Abstract
Background:
Myotonic Dystrophy type 1 (DM1) is a multisystemic neuromuscular disorder. Gastrointestinal (GI) symptoms significantly impact quality of life, but remain under-assessed. Currently, no DM1 specific GI questionnaire is available. The Gastrointestinal Symptoms Rating Scale (GSRS) is widely used but lacks validation with modern clinimetric methods.
Objectives:
To evaluate the GSRS using Rasch analysis in DM1 patients and develop a disease-specific, interval-level GI symptom measure.
Methods:
Rasch analysis evaluated item fit, threshold ordering, differential item functioning (DIF), local dependency, and unidimensionality. Model fit was evaluated using chi-square statistics, item and person fit residuals, and the Person Separation Index (PSI).
Results:
Four hundred and three DM1 patients (206 women, mean age 48.3 years) completed the GSRS questionnaire. The GSRS initial data did not meet Rasch model expectations. Three items (hard stools, heartburn, diarrhea) were removed and the item nausea was split by age category. The item constipation had misfit exceeding the Bonferroni threshold, but was retained due to its clinical relevance. The final model did not fulfill Rasch requirements (item fit residuals: −0.23, SD 1.29; person fit residuals: mean −0.27, SD 1.15; item-trait Chi-square: p-value < 0.001; degrees of freedom: 60). Acceptable person separation index (0.76) was obtained.
Conclusion:
This study highlights the challenges of measuring GI symptoms in DM1. Although this research is an important first step, more research is needed for developing a questionnaire that reflects the patient experience whilst simultaneously considering measurement accuracy.
Introduction
Myotonic Dystrophy type 1 (DM1) is a genetically inherited neuromuscular disorder that is caused by a CTG trinucleotide repeat expansion in the Dystrophia Myotonica Protein Kinase (DMPK) gene on chromosome 19. 1 Whereas healthy individuals have 5 to 35 CTG repeats, repeats in DM1 affected individuals range from 50 to 5000. 2 The length of the repeat expansion is moderately correlated with disease severity, as a larger repeat expansion is associated with a more severe phenotype and earlier onset of symptoms. 2
DM1 is generally characterized by muscle weakness and myotonia (inability to relax muscles), although several organ systems can be affected. Cardiac and pulmonary complication are typically prioritized in clinical follow-up due to possible life-threatening complications.3,4 However, gastrointestinal (GI) symptoms, along with urinary and bowel control issues, have the greatest impact on the lives of patients with DM1. 5 Described complaints may vary substantially within and between patients and include dyspepsia, diarrhea, abdominal pain or discomfort, constipation and fecal incontinence.6–12 Currently, the occurrence of GI symptoms in the DM1-population is mainly attributed to affected striated and smooth muscle cells. Striated and smooth muscle cells are found in the whole gastrointestinal tract, which explains the clinical symptoms pallet ranging throughout the whole tract. 7 13–15 GI symptoms are generally attributed to the direct cause of the illness, but can also indirectly flair up due to involvement of the neuroendocrine system.16–18
Although GI-complaints play a large role in the burden of disease for DM1-patients, the course of GI impairment and interaction with muscular symptoms has not yet been fully understood. Studies that have considered the interaction between esophageal and gastric dysfunction, and the degree of skeletal muscle involvement have found little if any correlation.7,8,19,20 However, a relationship between the severity of esophageal and gastric dysfunction, and the duration of skeletal muscle disease have been reported.19,21 Alongside its debilitating impact on patients with DM1, GI impairments may be the first presenting complaints of the disease. 22 In general, GI symptoms develop gradually, leading to adaptation of the patients with little awareness.7,19,23 Consequently, the negative impact of GI symptoms on quality of life, combined with the incomplete understanding of their development in DM1, underscores the need for a psychometrically sound outcome measure.

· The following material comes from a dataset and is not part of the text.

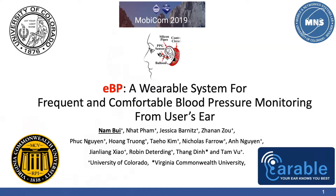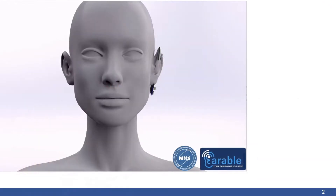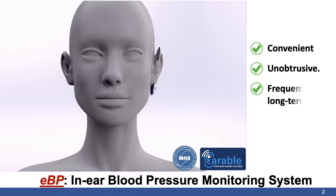We introduced EBP, an ear-based blood pressure monitoring wearable system from inside the user's ear. The system is convenient, unobtrusive, and comfortable for frequent and long-term monitoring.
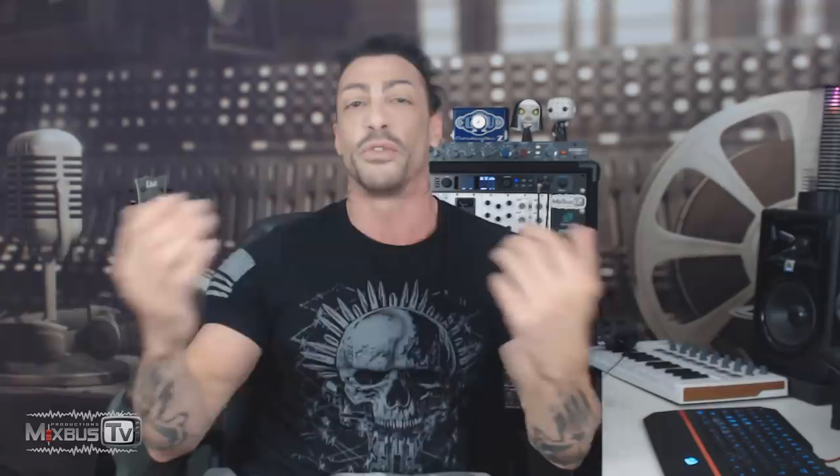Hello everyone, welcome back to Mixbus TV, hope you're having a great day. Before we start this massive series, check the info box down below for my mixing courses, a bunch of special discounts and offers on plugins, and if you want to support the channel we have t-shirts. In this video: all the different types of compressors, finally explained.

Currently, there is no golden standard for assessing GI symptoms in DM1 patients. The Gastrointestinal Symptom Rating Scale (GSRS) is a questionnaire that has been developed for assessing gastro-intestinal symptoms in irritable bowel syndrome (IBS) and peptic ulcer disease (PUD). 24 The clinimetric properties of the GSRS have been described well among subjects with dyspepsia, finding acceptable reliability and good internal consistency, but low test-retest reliability in most languages. 25 External validity has been assessed by correlating the GSRS to the 36-Item Short Form Survey (SF-36), Hospital Anxiety and Depression Scale (HADS) and Quality of Life in Reflux and Dyspepsia questionnaire (QOLRAD). 25 The GSRS has been used in several clinical trials, mostly on IBS and PUD, but also in neurologic disorders.26–32 The GSRS assesses outcome measures at ordinal level, based on clinical test theory. 33 This mathematical model, however has several shortcomings. First, ordinal outcome measures do not support parametric testing, therefore sum scores cannot be derived.33,34 Second, it is not possible to compare different questionnaires assessing the same trait. 33 Last, the weight and relevance of the items cannot be assumed to be the same.35,36 Due to these limitations, an alternative model is needed to monitor patients’ outcomes in clinical trials. To overcome these shortcomings, the Rasch measurement model is the most widely used scientific approach.34,37,38 In Rasch-analysis it is attempted to reconstruct ordinal scales into interval level measures.33,37 Because of the need for a validated outcome measure for assessing GI symptoms in the DM1-population, the aim of this study is to evaluate whether the GSRS fits Rasch-model expectation in patients with DM1 and to develop the first disease-specific interval-level outcome measure for assessing GI symptoms in this population.
Methods
Study design
This retrospective study is part of the MYODRAFT registration study, an ongoing longitudinal, observational research collaboration between Radboud university medical center (Radboudumc), and Maastricht University Medical Center + (MUMC). As the designated DM1 expertise centers in the Netherlands, Radboudumc and MUMC + evaluate the majority of patients with DM1. The registry was developed based on recommendations from the 222nd European Neuromuscular Centre (ENMC) workshop in Naarden, The Netherlands, and aims to investigate the natural history of DM1, as well as develop appropriate outcome measures. For the purposes of the current study, GSRS data was retrospectively extracted from the registry. The Medical Ethics Committee of both institutions approved the study (METC 16-4-001, approved on March 18th 2016). Patients with a genetically confirmed DM1 diagnosis were invited to participate after providing written informed consent. The study includes all registered patients from February 15, 2017 to August 23, 2023. All participants underwent standardized assessments by neuromuscular specialist with a specific focus on DM1. Eligible patients were asked to complete multiple questionnaires.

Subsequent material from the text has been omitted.